We collected DB2 accounting data (classes 1,2,3) from the System Management Facility (SMF) records, ran accounting reports using a reporting software package, then loaded important fields from the reports into a DB2 table. Queries were used to organize the data by daily CPU consumption. We tracked the applications that used the most CPU over several months. We examined those applications first. Figure 2 shows that the application with the DMDMGMTE authid is a daily large CPU consumer.
Once we knew which application we wanted to study, we had the DBA create a statement cache table and issue an EXPLAIN STMTCACHE ALL statement. That same DBA granted us SELECT authority to the table. Our goal was to query the table for the authid of the leading CPU consumer (DMDMGMTE) and sort the result by CPU descending. That way, we saw that the overall most-expensive statement for this application happened to be in the statement cache at the time the EXPLAIN statement ran. Figure 3 is one example of a common query we executed against the statement cache table. We filter by the authid and sort by CPU descending. Since the elapsed time and CPU time columns have a floating point data type, we convert to a decimal data type to make the output easier to read. We also apply a built-in function to the statement text so very long statements don’t cause trouble with our query tool’s limitations.

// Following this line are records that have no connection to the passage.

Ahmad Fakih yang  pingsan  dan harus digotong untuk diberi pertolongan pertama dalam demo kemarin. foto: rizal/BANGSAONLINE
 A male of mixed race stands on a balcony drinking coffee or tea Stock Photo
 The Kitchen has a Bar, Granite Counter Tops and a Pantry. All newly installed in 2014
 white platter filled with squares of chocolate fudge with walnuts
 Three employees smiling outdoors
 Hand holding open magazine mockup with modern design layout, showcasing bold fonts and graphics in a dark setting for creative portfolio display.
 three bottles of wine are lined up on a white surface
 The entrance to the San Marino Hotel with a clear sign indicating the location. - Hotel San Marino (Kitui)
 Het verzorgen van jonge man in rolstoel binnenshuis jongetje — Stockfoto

Figure 4 contains the output from the SQL statement in Figure 3. Our application that uses the most CPU has one statement that’s responsible for a large percentage of the total CPU the application consumes. Additional investigation showed the elapsed time for this query was about the same as the CPU time, meaning the query ran quickly and, without this information, the poor performance may have gone unnoticed.
Now that we’ve discovered a single statement using a significant amount of CPU, we can isolate that statement, EXPLAIN it, and see if it can be tuned, cached, or avoided! The following statement can be used to run a normal explain against that high CPU-consuming statement so we can expose the access path:
EXPLAIN STMTCACHE STMTID 1083216;
In this case, the statement was easily tuned, and significant CPU savings realized.
You’ll want to maintain the amount of data in your statement cache table as it can quickly get quite large, depending on how many dynamic statements are cached. You’ll need to plan to delete or archive the information because a large statement cache table can impact the performance of the EXPLAIN STMTCACHE ALL statement execution. Also, the statement text column (STMT_TEXT) is a Binary Large Object (BLOB), which could make it time-consuming or impossible to execute certain functions. Consider writing the statement cache table to a flat file, then performing extensive searches of that flat file to find interesting cached statements.
While we found the relationship between the authid and an application critical to determining who owned the poor performing statements, we had trouble relating the text of a statement to the method in the application where the statement was embedded. If a comment is added to the statement text, then that comment could be the perfect tool for identifying the piece of code that contains the statement. The following example shows how simple this is to do, and that embedded comment will show up in the statement text column of the statement cache table:
SELECT LASTNAME –GetEmpLastName method
WHERE EMPNO = ?
Getting the performance metrics out of the dynamic statement cache can be extremely valuable for performance tuning your dynamic remote applications. Remember to make this work part of a comprehensive performance reporting and tuning effort. Also, ensure you report the impact of tuning so management understands and supports the work you do!